漫画やアニメなどの書籍・グッズの販売・買取をする「まんだらけ」が、店内で万引きを働いた犯人とみられる防犯ビデオ映像の写真をホームページや店内で公開し、物議を醸している。警察に頼らない独自捜査は、思わぬトラブルを招きかねない。
まんだらけが出した“手配書”は「警告 8月4日 17時頃 まんだらけ中野店4F変やで25万円の野村トーイ製 鉄人28号No.3ゼンマイ歩行を盗んだ犯人へ」と書かれ、盗まれたブリキの鉄人28号の写真とともに顔にモザイクがかけられた男の防犯カメラ映像が添えられている。加えて「1週間(8月12日)以内に返しに来ない場合は顔写真のモザイクを外して公開します」と返品を呼びかけている。
被害判明からわずか24時間で異例の手配書公開に踏み切ったまんだらけ広報は7日「犯行に及ぶ動画も確保している。『罪を憎んで人を憎まず』というのがありますが、期日までに返還なき場合は画像公開、犯人の特定という処置を行う予定です」とのコメントを出した。
まんだらけ中野店は、4フロアに26ジャンルの店舗が立ち並び、万引き被害も多いとみられる。一方、警察も窃盗は扱い件数も多く、捜査は後回しになりがちだ。店側としては、公開に踏み切ることで捜査をせっつかせる狙いや、今後の防犯対策の意味合いも兼ねているとみられる。
ただリスクも大きい。元神奈川県警刑事で犯罪ジャーナリストの小川泰平氏は「どのような映像があって、確証があるかは分からないが、(犯行時の)手元が映っていなければ決め手にならず、逮捕状が取れないことも多分にある。だからこそ警察が捜査で埋めていくもの。1週間後にモザイクを取るというが、素顔を公開するようなことがあれば、(容疑者がクロでも)プライバシー侵害の名誉毀損になる可能性もある」と指摘する。
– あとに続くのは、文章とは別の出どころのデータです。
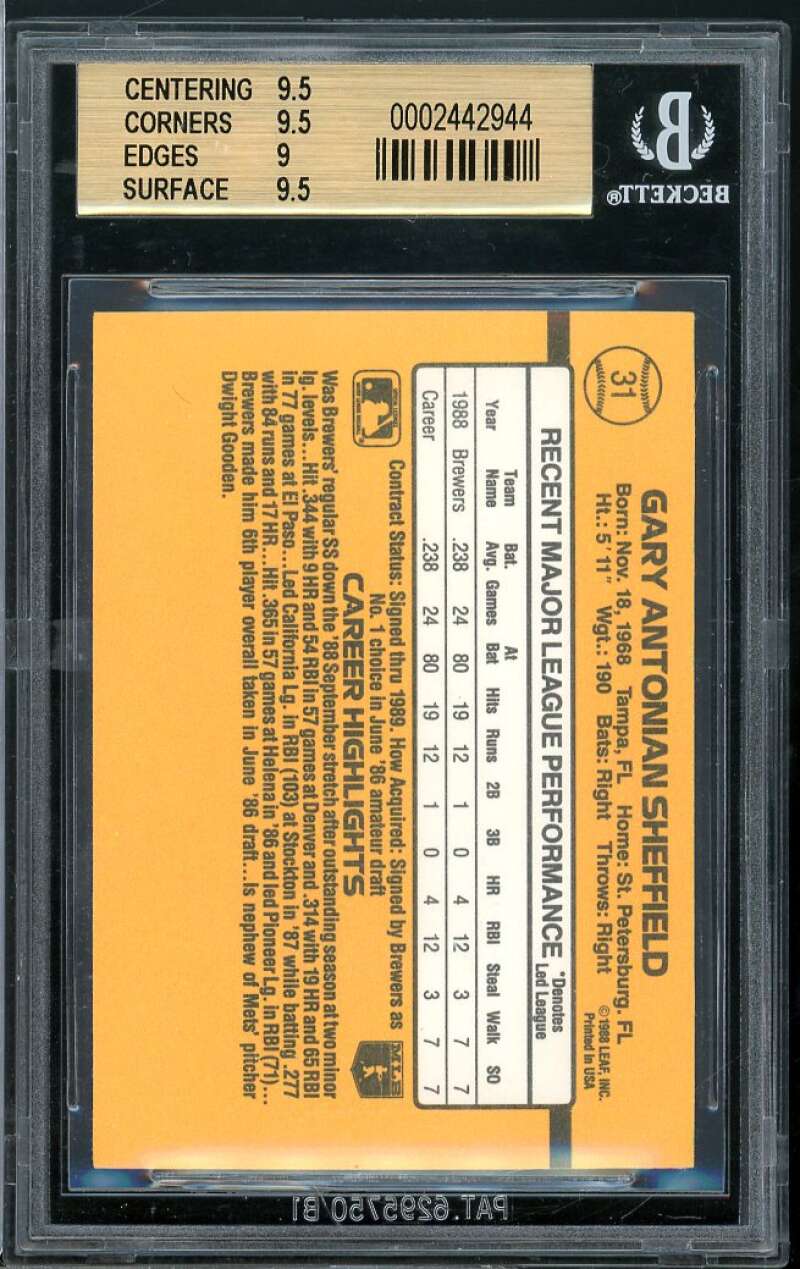 Gary Sheffield Rookie Card 1989 Donruss #31 BGS 9.5 (9.5 9.5 9 9.5) Image 2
警察としても迷惑な話だ。所轄の中野署には店側から被害届が出され、捜査関係者は「捜査している」と苦虫をかみ潰したが、店側の勇み足で、容疑者が逃亡を図ってしまう可能性もある。また、容疑者が店側を逆恨みし、予期せぬ行動を取った場合に責任の所在がどこにいくのかも問題になる。店側はやりきれなくとも独自対応は、考えもののようだ。